Details emerged from Treasury's refunding meeting this week has been quite surprising and inconsistent. The implication for stonks for the next 4-5 months could be surprising as well.
Treasury declared its TGA target for July 31st at $450Bn, while slowing down T-bill reduction.
Plugging in the current USG spending model along with EOQ TGA target of $800Bn, I ended up with this:
Not much spending until July when TGA nose-dives from $950Bn to $450Bn in 4 weeks.

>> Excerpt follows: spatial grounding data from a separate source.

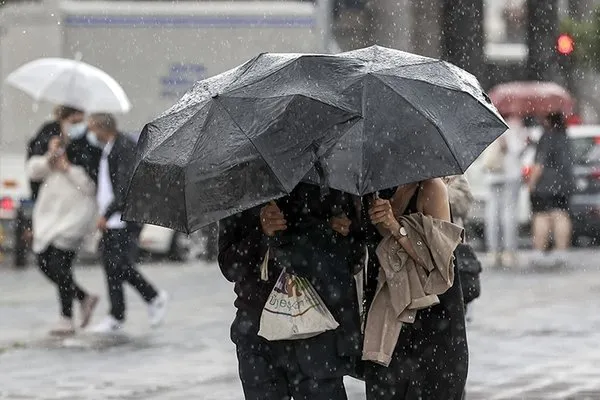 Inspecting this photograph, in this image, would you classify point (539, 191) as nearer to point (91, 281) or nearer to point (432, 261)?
point (91, 281)

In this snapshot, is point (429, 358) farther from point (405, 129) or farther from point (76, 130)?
point (76, 130)

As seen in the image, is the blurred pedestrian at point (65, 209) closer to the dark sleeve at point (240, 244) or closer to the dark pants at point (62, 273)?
the dark pants at point (62, 273)

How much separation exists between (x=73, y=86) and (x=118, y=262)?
150cm

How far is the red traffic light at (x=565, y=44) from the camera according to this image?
25.8 meters

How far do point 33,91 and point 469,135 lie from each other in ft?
24.4

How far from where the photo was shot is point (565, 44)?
2583cm

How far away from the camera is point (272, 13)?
22531mm

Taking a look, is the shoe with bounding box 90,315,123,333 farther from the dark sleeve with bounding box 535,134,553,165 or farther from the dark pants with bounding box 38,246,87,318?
the dark sleeve with bounding box 535,134,553,165

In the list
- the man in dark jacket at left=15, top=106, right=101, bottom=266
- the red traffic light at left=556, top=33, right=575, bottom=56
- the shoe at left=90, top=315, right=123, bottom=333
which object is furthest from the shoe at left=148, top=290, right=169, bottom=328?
the red traffic light at left=556, top=33, right=575, bottom=56

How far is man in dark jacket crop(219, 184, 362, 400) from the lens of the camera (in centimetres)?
599

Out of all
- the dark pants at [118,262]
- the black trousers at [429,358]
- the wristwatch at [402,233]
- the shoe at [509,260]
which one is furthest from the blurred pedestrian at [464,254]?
the shoe at [509,260]

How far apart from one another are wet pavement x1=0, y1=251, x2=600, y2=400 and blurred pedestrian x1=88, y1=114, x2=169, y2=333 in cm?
35

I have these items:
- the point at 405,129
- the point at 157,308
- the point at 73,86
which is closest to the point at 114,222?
the point at 157,308

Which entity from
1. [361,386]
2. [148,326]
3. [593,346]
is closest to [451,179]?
[361,386]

A few things have happened in the past 2 weeks. 1. Tax receipts have been very strong (the economy is almost overheating from payroll data) 2. Stimulus spending has dropped to almost nothing. 3. Treasury's TGA reduction plan will have to change course in July as a result
(took me a lot of time this week to recalibrate my spending model with the new tax/spending regime. The deferred tax filing this year added a lot of new twists)

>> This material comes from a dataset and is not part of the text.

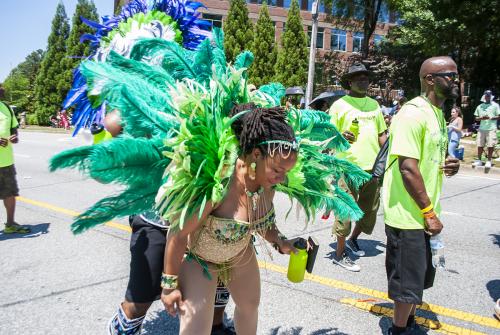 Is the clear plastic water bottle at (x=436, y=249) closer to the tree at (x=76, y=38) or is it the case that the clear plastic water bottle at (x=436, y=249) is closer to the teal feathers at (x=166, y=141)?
the teal feathers at (x=166, y=141)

At this rate, the Fed needs to twist very soon, no later than July. Otherwise money market (repo) is going to break.
Now that we are at the brink of a new season of SICO, how stonks would respond to this new liquidity regime could be quite weird.
Will send out an update tomorrow (May 7th) with a short-term analysis (2 weeks), and a longer-term analysis (into 7/31), as data are finally here.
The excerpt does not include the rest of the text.